Nelson da Cruz, Dili – Jacinta Barros, an East Timorese mother of eight, sits on a bed in her new temporary home, a one-room affair that sleeps 13 of her relatives, refugees from unrest last year who still cannot go home.
By day, the spartan room bakes in the searing tropical sun and by night it gets chilly as a wind blows under the eaves where ceilings should be.
It is a step up from the camp they have moved from, but only just, as tiny, impoverished East Timor still struggles to shift thousands of people displaced by the violence that flared among security forces back to their homes.
Some 155,000 people, or about 15 percent of East Timor's population, were estimated to have fled their homes amid the sudden bloodshed that followed the sacking of deserting soldiers.

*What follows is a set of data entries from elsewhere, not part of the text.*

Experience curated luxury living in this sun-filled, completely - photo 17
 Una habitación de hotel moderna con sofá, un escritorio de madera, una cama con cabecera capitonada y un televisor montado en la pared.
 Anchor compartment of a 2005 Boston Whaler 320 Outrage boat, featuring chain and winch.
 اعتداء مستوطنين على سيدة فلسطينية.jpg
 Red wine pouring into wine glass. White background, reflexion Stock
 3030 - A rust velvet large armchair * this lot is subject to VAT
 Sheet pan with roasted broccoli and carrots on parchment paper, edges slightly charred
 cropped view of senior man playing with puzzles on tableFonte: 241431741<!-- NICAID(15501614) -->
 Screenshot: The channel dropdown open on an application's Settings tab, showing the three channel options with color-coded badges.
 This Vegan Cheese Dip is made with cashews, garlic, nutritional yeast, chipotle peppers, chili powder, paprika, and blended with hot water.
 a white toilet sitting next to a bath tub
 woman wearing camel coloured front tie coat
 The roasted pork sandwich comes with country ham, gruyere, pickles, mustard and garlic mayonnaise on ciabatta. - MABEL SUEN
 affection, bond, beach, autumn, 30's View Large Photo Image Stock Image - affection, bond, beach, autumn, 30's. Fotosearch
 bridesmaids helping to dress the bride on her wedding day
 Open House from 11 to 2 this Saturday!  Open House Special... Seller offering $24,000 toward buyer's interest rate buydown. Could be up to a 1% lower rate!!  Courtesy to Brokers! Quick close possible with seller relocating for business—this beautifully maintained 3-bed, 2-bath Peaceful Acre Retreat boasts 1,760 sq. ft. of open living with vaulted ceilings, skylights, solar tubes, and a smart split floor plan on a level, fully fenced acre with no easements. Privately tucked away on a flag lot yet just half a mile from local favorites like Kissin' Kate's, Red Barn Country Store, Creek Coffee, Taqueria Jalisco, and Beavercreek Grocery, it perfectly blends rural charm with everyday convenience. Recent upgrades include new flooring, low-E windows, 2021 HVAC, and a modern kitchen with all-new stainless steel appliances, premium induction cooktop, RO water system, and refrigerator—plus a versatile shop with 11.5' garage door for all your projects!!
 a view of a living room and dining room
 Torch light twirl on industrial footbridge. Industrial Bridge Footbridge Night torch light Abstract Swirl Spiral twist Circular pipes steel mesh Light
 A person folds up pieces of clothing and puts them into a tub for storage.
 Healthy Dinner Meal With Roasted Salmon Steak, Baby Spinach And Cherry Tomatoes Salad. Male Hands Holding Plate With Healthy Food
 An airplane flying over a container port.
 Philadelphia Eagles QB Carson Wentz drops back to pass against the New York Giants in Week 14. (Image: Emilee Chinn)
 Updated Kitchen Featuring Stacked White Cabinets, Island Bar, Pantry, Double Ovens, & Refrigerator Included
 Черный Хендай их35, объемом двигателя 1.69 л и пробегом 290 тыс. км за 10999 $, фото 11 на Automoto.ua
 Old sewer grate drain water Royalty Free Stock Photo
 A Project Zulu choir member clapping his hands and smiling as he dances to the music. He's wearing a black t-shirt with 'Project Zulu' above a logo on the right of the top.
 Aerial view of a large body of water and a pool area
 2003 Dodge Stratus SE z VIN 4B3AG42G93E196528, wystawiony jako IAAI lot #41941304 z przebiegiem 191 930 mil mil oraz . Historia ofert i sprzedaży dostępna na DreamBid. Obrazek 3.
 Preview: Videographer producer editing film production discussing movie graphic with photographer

Divisions arose among people from the east and west, dividing previously harmonious neighbourhoods. At least 37 people were killed. According to government figures, 62,000 are still living in camps in Dili and across the predominantly Catholic nation.
The 60 families at this complex of three-by-three metre (yard) rooms are in a kind of limbo, moving from the camps ahead of the onset of the rainy season, but still lacking homes or fearing security is too lax for them to return.
Their plight illustrates the ongoing difficulties East Timorese authorities face in coping with the displaced despite the presence of thousands of international peacekeepers and UN police despatched in the wake of the unrest.
Barros' home and shop were torched and her family evacuated with nothing but the clothes on their backs. The bed she sits on is one of just two pieces of furniture her family managed to salvage from their home – by paying neighbours to retrieve them.
"We had to flee because there were serious threats to our lives, because we come from Baucau" in the east, Barros said. "Every night we have to sleep together, the 13 of us, in this small space. My children have to sleep on plastic sheets as we have no carpet," said Barros, describing the room as little more than a "stall at the market".
The room, adorned with a poster of the Virgin Mary, is built of a traditional bark and while there are roofs, they lack ceilings for insulation, Barros said. "When the wind blows, dust enters the room making our things dirty and my one-month-old baby cough," she complained.
The family cooks in the open, in front of their room, sharing the space with five neighbouring families, while they share a bathroom with one other family.
Neighbour Antastacia Wonga, 29, is from Indonesia's Flores island. She shares her room with her husband, mother-in-law and four children.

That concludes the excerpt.